RITO SPECIALE DEL LAVORO. GIUDIZI DA INTRODURSI CON RICORSO ENTRO UN TERMINE PERENTORIO DI DECADENZA. L’INSIDIA RAPPRESENTATA DALLA PROPOSIZIONE DELLA CAUSA CON CITAZIONE. IL PRINCIPIO DELLA SANATORIA DEGLI ATTI ERRONEAMENTE INTRODOTTI. INAMMISSIBILITÀ. (Cass. 23/02/2017 n° 4718 e Tribunale di Civitavecchia 30/03/2017 n° 316) A cura dell’Avv. Antonio Arseni – Foro di Civitavecchia

 

L’errore sul modello formale dell’atto introduttivo può avere conseguenze nefaste per la parte con il rischio che le proprie domande non vengano esaminate nel merito.

Molti sono i casi – e tutt’ora continuano ad esserlo – in cui un procedimento da introdurre nelle forme speciali di cui agli artt. 409 e segg. c.p.c. (soprattutto in materia di controversie di lavoro e locatizie), ossia utilizzando la forma del ricorso, vengano introitate con citazione.

In tali ipotesi, attraverso il principio della sanatoria degli atti erroneamente introdotti, la legge appresta un rimedio idoneo, per così dire, a recuperare l’anomalia processuale, evitando la pronuncia di nullità. Ma a condizione, come si evince dal disposto degli artt. 121 e 156 c.p.c.: 1) della mancanza di una specifica norma di legge che ne imponga la nullità; 2) della presenza dei requisiti formali necessari al raggiungimento dello scopo.

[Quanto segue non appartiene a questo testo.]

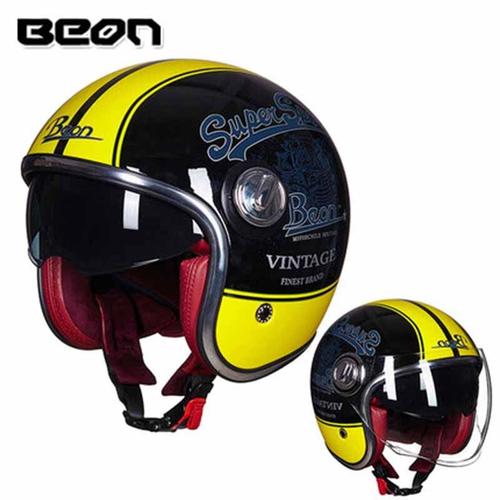 Taille Xl - Marquage Jaune - Beon Boutique Officielle Beon B-108a 3/4 Ouvert Visage Rétro Casque Moto Visage Ouvert Vintage Moto Rcycle Casco Capacete Scooter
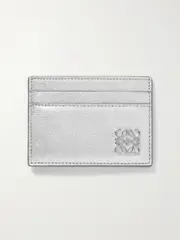 [LOEWE] LOEWE - Anagram Metallic Leather Cardholder - Silver - One size One size Silver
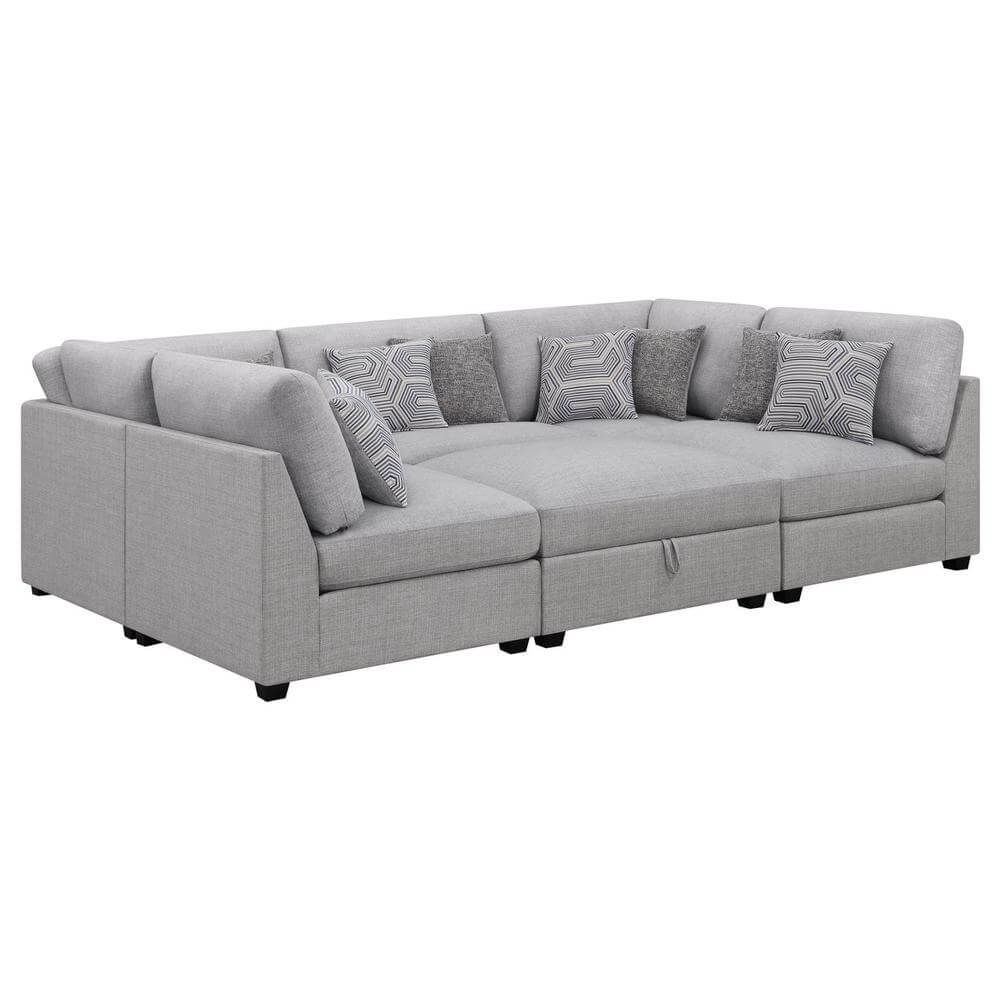 Cambria Modern Modular Fabric Sectional Sofa in Gray (Various Sizes)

Ed invero, recita l’art. 121 c.p.c., che “gli atti del processo, per i quali la legge non richiede forme determinate, possono essere compiuti nella forma più idonea al raggiungimento dello scopo” mentre il successivo articolo 156 c.p.c. (che con il primo va  coordinato) stabilisce che “non può essere pronunciata la nullità per inosservanze di forma di alcuni atti del processo, se la nullità non è  comminata dalla legge. Può tuttavia essere pronunciata quando l’atto manca dei requisiti formali indispensabili per il raggiungimento dello scopo. La nullità non può mai essere pronunciata se l’atto ha raggiunto lo scopo cui è destinato”.

Tali principi  sono applicati dalla giurisprudenza ,normalmente, in tutti quei casi in cui la legge prevede un termine per il compimento di un atto, a pena di decadenza.

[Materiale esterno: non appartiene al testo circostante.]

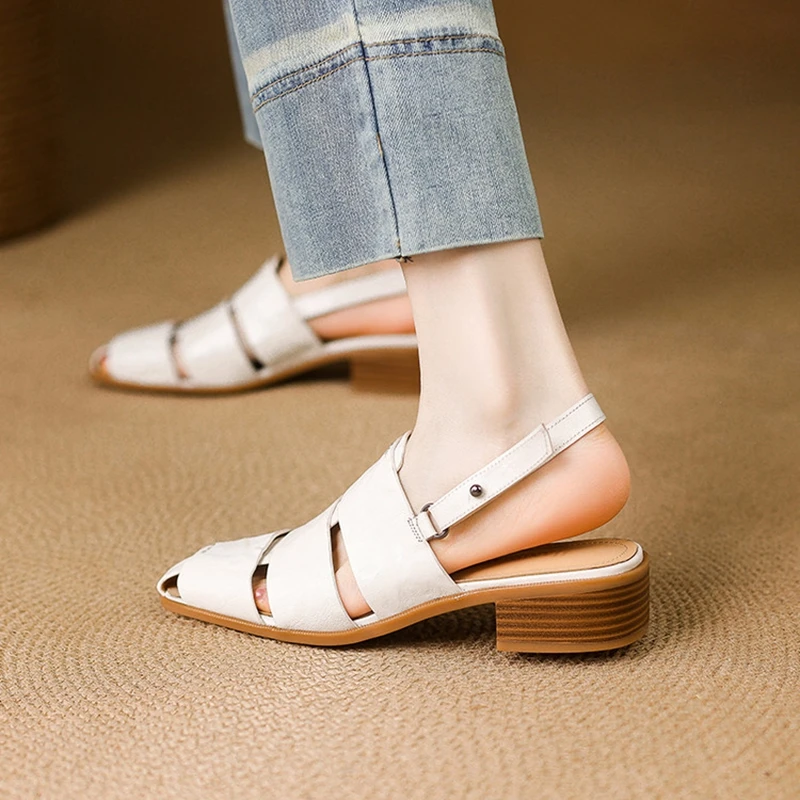 NEW Summer Women Sandals Genuine Leather Shoes for Women Square Toe Chunky Heel Shoes Cover Toe Slingback Shoes Weave Sandals - view 3
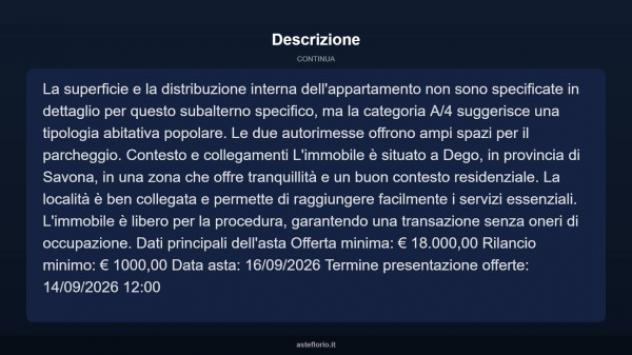 Immobile in asta di 60 m² con più di 5 locali in vendita a Dego - Foto 3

Si tratta di principi mutuabili tanto nei giudizi di impugnazione quanto a quelli di opposizione, soprattutto a decreto ingiuntivo, quanto ai ricorsi in opposizione delle sanzioni amministrative.

Ed è proprio nell’ambito della tipologia di detta ultima categoria che la Cassazione a S.U. 10/02/2014 n° 2907 ha potuto affermare i seguenti principi di diritto, che prendono le mosse da quello della ultrattività del rito.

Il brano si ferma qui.